Note timing in milliseconds for any tempo
| Note value | ms | Hz |
|---|
BPM (beats per minute) describes tempo as the number of quarter notes that fit in one minute. Converting to milliseconds is straightforward: divide 60,000 by the BPM to get the duration of one quarter note. At 120 BPM, a quarter note is exactly 500ms. Every other note value is a multiple or fraction of that.
This matters practically for setting delay and reverb times in a DAW. A delay plugin set to 500ms at 120 BPM will repeat exactly on the beat.

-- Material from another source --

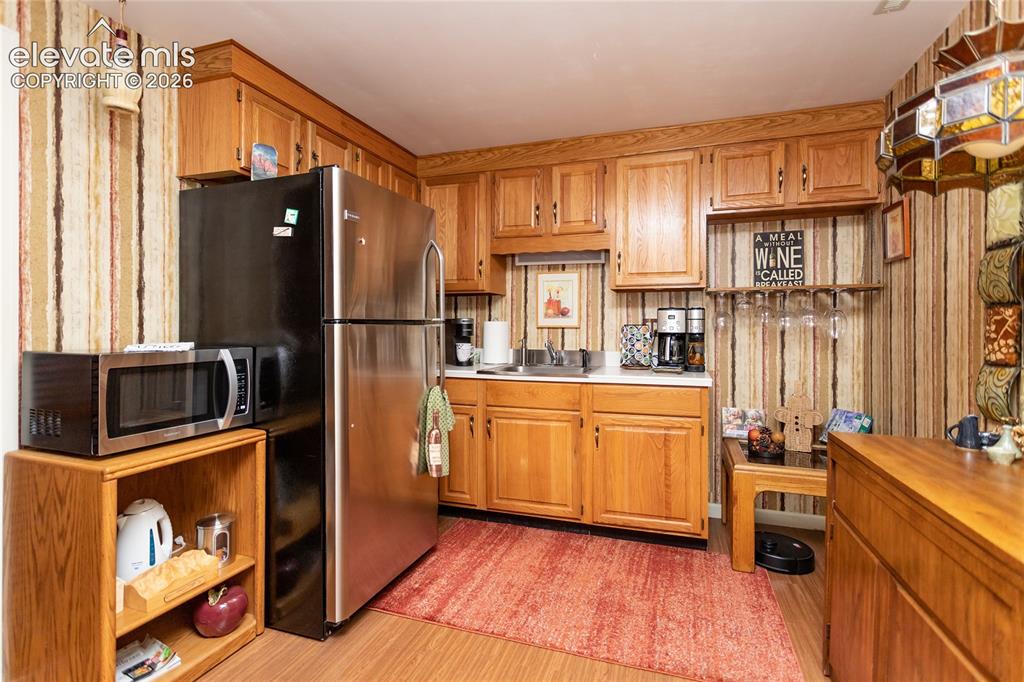 Image 33 of 50: Kitchen in basement. Range hookup also.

A delay at 375ms (dotted eighth) creates the characteristic syncopated echo heard on countless pop and rock records — Edge's guitar sound on many U2 tracks is a famous example of tempo-synced dotted eighth delays.

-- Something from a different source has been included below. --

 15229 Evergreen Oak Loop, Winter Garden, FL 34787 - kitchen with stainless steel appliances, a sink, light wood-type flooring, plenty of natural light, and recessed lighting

The same principle applies to LFO rates, compressor attack/release times, reverb pre-delay, and any time-based parameter where you want the effect to lock to the tempo of the track.
Classical music uses Italian tempo markings rather than exact BPM numbers. These correspond to approximate BPM ranges — the exact speed within each range is left to the performer's interpretation. The presets above use these traditional names.

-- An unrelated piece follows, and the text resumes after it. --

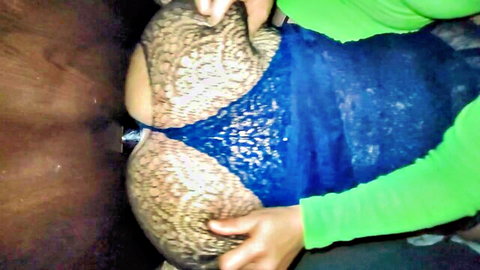 Big tattooed ass spread wide by hands with blue lace thong aside exposing butt plug in anus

| Marking | Meaning | BPM range |
|---|---|---|
| Larghissimo | Extremely slow | < 24 |
| Largo | Broad, very slow | 40 – 66 |
| Adagio | Slow and stately | 66 – 76 |
| Andante | Walking pace | 76 – 108 |
| Moderato | Moderate | 108 – 120 |
| Allegro | Fast and bright | 120 – 156 |
| Vivace | Lively and fast | 156 – 176 |
| Presto | Very fast | 168 – 200 |
| Prestissimo | As fast as possible | > 200 |
| Genre | Typical BPM |
|---|---|
| Hip hop / trap | 60 – 100 (often counted in half time) |
| R&B / soul | 60 – 80 |
| Pop | 100 – 130 |
| House | 120 – 130 |
| Techno | 130 – 150 |
| Drum & bass | 160 – 180 |
| Dubstep | 138 – 142 (half time feel) |
| Reggae | 60 – 90 |
| Metal | 100 – 220 |
| Jazz | 60 – 300+ (highly variable) |
Enter a BPM or tap the tempo button to detect it from a live performance. The table shows 13 note values from whole note down to 32nd note, including dotted and triplet subdivisions, in milliseconds and Hz. Copy individual values by clicking them, or export the full table as CSV for use in your DAW or documentation.